Exercise requirements = No pictures go in the copy. Restate, word for word, each line from the one containing "朝西，In or out - 第80话 亲密时间 - 第22张图" through the last line below.

Top of Entries shown

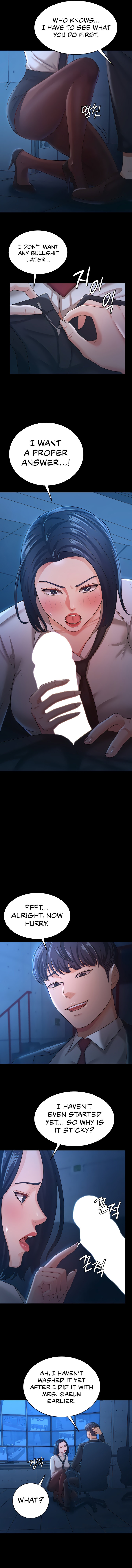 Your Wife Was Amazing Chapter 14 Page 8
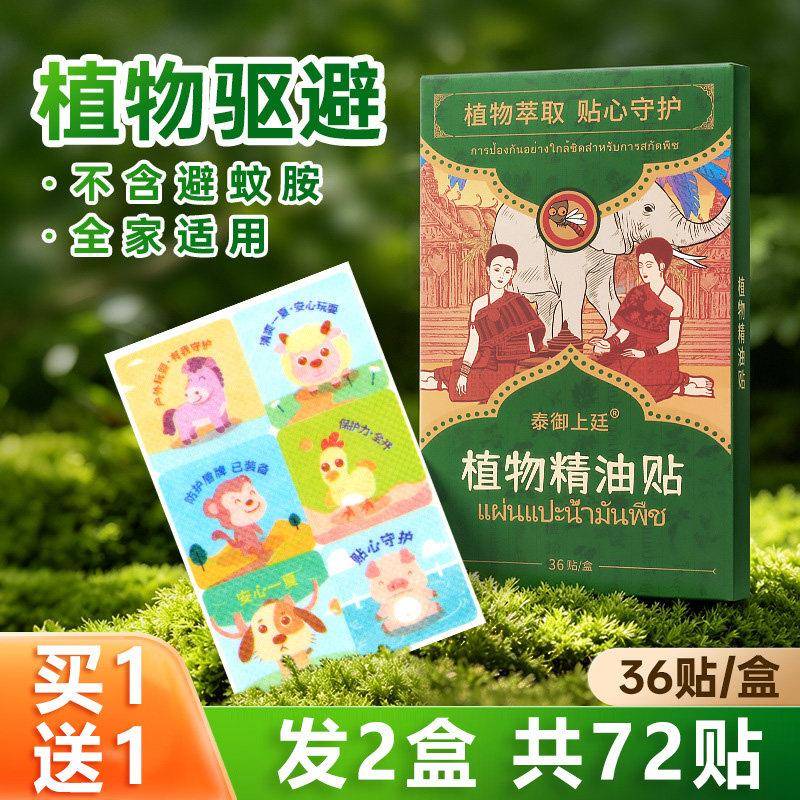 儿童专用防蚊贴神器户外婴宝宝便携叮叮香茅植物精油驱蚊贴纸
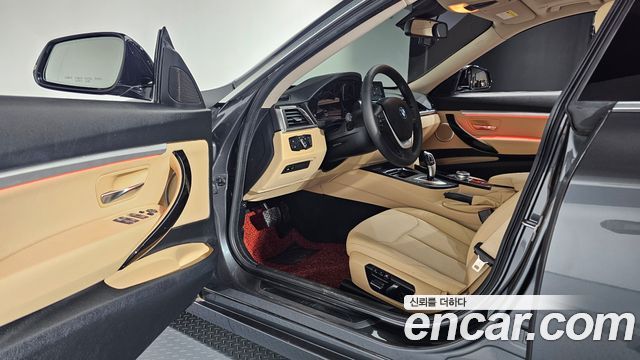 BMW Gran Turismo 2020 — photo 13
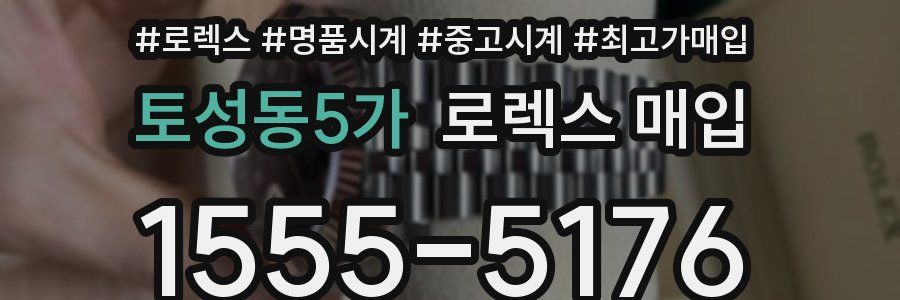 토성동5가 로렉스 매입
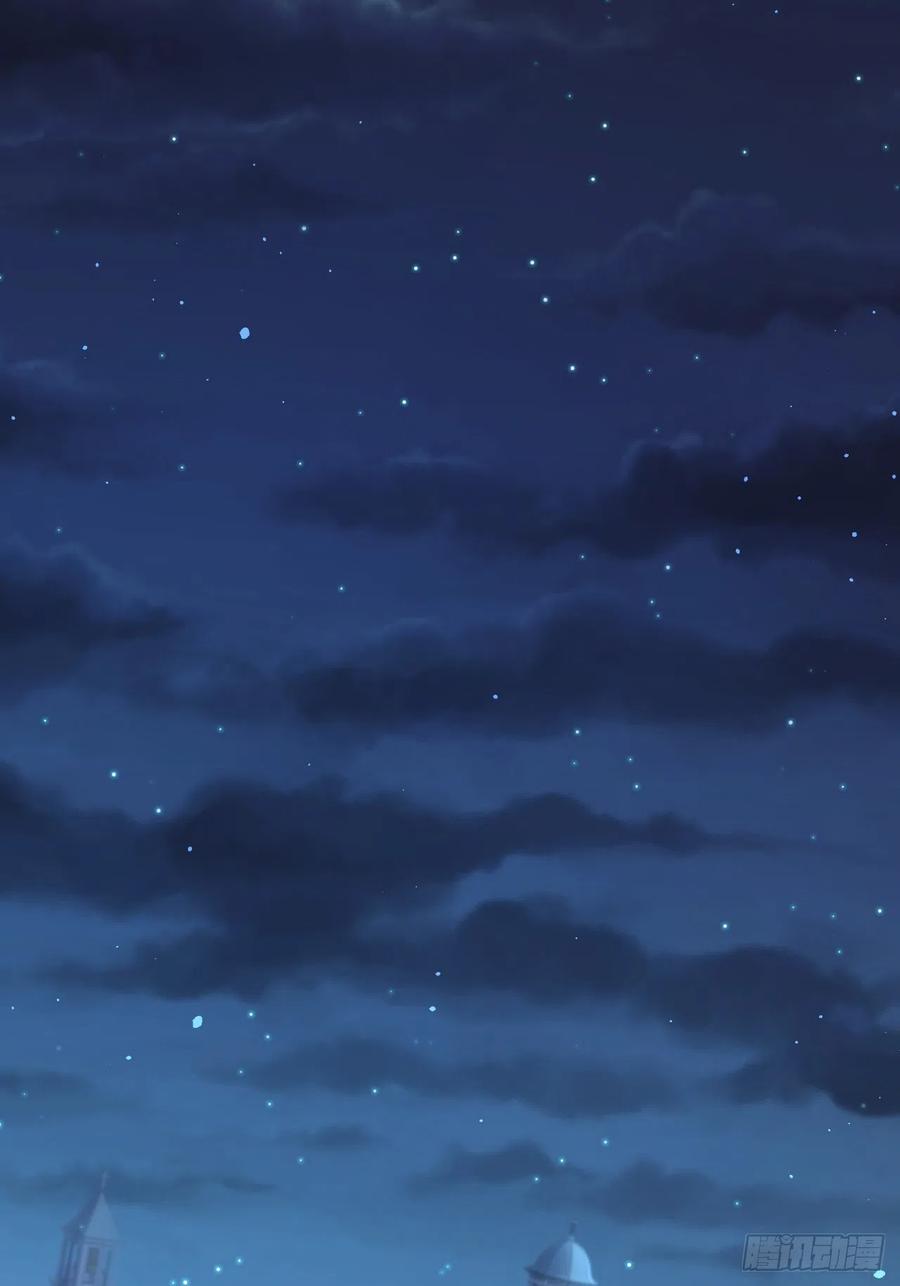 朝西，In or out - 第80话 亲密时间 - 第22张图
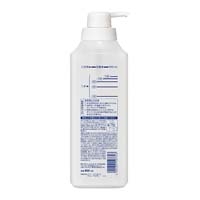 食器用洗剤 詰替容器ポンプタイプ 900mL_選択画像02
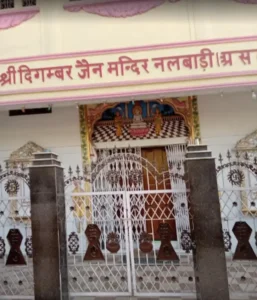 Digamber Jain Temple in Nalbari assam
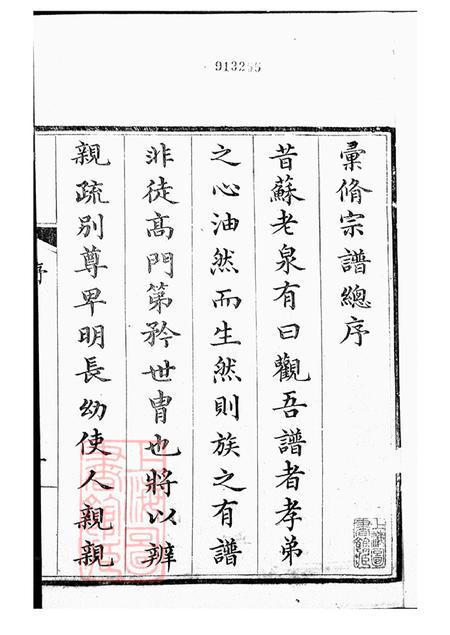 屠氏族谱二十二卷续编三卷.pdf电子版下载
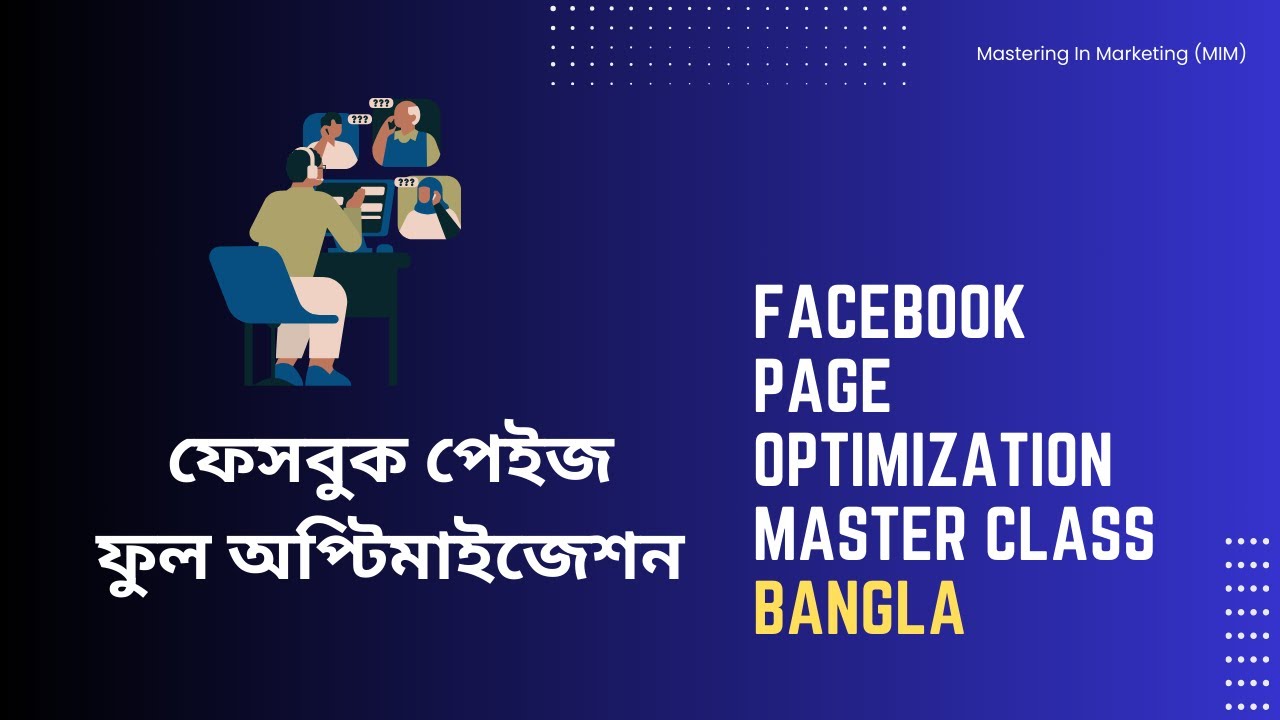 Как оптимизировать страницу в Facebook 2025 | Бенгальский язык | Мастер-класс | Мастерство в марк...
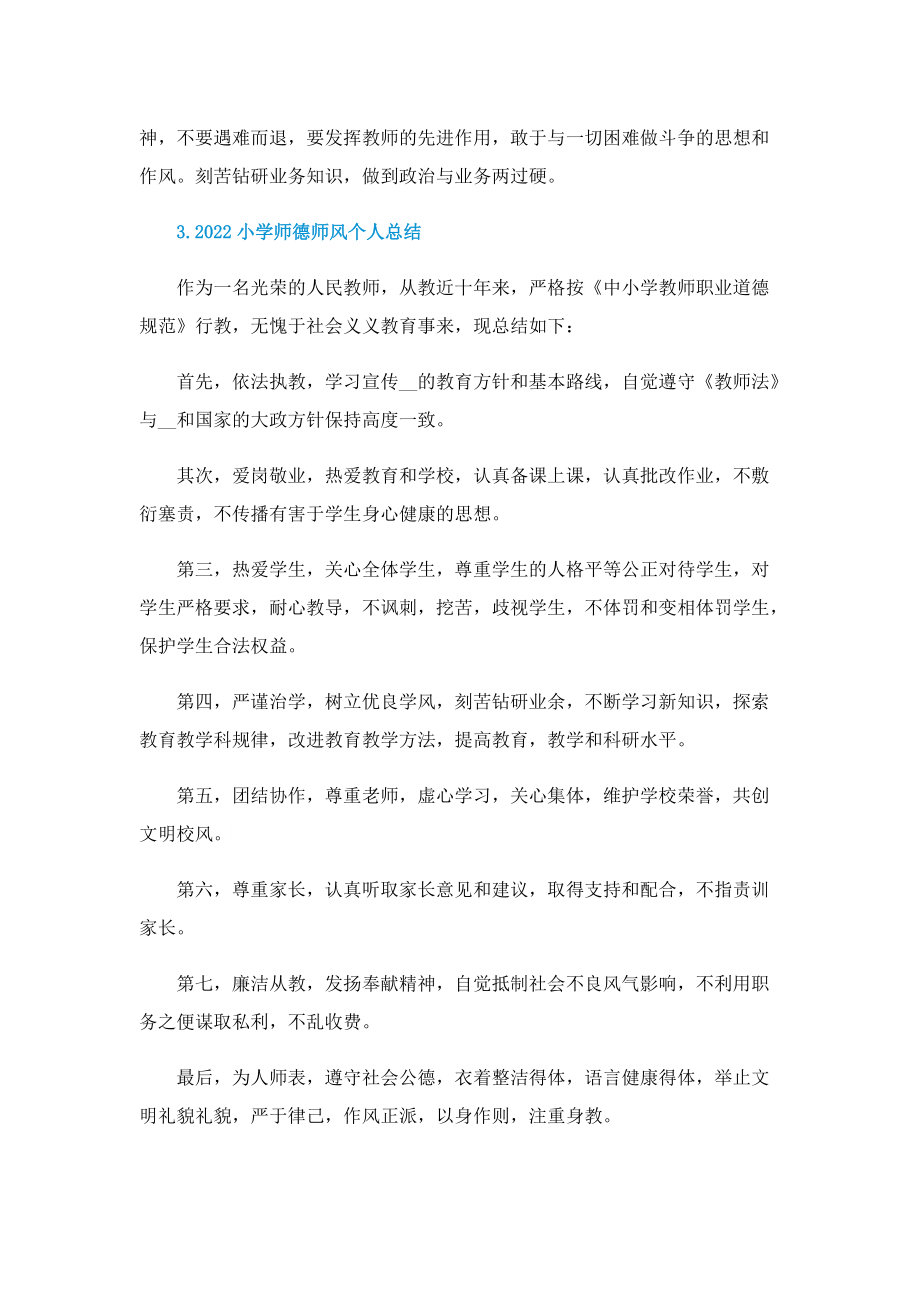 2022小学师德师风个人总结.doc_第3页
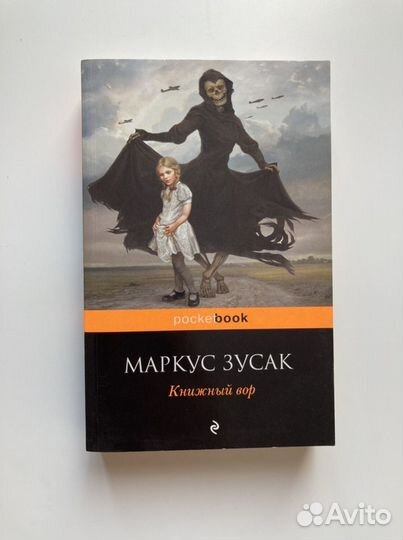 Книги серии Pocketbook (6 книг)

Bottom of Entries shown

Answer section =
 朝西，In or out - 第80话 亲密时间 - 第22张图
 食器用洗剤 詰替容器ポンプタイプ 900mL_選択画像02
 Digamber Jain Temple in Nalbari assam
 屠氏族谱二十二卷续编三卷.pdf电子版下载
 Как оптимизировать страницу в Facebook 2025 | Бенгальский язык | Мастер-класс | Мастерство в марк...
 2022小学师德师风个人总结.doc_第3页
 Книги серии Pocketbook (6 книг)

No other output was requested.